TASK
Which lines run from the one containing "this 350×262 image." to the end of the entries? Copy them exactly, both ends included, and give nothing else.

Dataset records
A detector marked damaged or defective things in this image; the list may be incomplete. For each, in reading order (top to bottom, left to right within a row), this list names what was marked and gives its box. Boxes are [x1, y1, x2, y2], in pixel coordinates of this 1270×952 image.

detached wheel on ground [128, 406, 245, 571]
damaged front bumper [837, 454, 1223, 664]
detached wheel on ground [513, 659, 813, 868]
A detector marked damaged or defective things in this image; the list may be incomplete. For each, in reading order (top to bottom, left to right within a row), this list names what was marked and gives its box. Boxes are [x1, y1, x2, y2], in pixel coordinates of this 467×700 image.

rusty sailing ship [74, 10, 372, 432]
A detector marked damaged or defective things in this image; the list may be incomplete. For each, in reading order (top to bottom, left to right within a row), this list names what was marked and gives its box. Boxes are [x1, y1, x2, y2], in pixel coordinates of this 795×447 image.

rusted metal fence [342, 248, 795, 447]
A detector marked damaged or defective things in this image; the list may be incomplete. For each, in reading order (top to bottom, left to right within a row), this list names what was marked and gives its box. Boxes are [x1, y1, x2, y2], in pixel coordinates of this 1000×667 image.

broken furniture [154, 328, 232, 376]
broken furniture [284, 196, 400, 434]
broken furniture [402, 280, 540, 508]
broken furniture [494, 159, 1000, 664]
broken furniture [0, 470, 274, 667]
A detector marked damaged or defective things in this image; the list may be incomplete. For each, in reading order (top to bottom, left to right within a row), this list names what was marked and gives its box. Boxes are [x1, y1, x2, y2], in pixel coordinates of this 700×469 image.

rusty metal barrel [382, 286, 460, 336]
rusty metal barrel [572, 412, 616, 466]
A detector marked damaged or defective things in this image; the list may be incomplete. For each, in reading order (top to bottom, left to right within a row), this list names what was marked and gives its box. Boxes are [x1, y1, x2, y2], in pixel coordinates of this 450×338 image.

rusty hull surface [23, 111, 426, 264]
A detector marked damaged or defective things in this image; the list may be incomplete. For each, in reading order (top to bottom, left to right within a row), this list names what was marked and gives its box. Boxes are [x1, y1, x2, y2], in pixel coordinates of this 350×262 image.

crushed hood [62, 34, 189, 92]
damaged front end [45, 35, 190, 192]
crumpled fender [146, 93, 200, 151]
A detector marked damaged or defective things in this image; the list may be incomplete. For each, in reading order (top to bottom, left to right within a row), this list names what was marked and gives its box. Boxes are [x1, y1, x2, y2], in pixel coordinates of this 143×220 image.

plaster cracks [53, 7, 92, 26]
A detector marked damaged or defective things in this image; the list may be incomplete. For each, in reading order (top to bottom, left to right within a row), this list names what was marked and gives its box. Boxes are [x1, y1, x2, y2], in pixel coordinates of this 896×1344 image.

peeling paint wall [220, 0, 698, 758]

ANSWER BOX
A detector marked damaged or defective things in this image; the list may be incomplete. For each, in reading order (top to bottom, left to right within a row), this list names what was marked and gives its box. Boxes are [x1, y1, x2, y2], in pixel coordinates of this 350×262 image.

crushed hood [62, 34, 189, 92]
damaged front end [45, 35, 190, 192]
crumpled fender [146, 93, 200, 151]
A detector marked damaged or defective things in this image; the list may be incomplete. For each, in reading order (top to bottom, left to right within a row), this list names what was marked and gives its box. Boxes are [x1, y1, x2, y2], in pixel coordinates of this 143×220 image.

plaster cracks [53, 7, 92, 26]
A detector marked damaged or defective things in this image; the list may be incomplete. For each, in reading order (top to bottom, left to right within a row), this list names what was marked and gives its box. Boxes are [x1, y1, x2, y2], in pixel coordinates of this 896×1344 image.

peeling paint wall [220, 0, 698, 758]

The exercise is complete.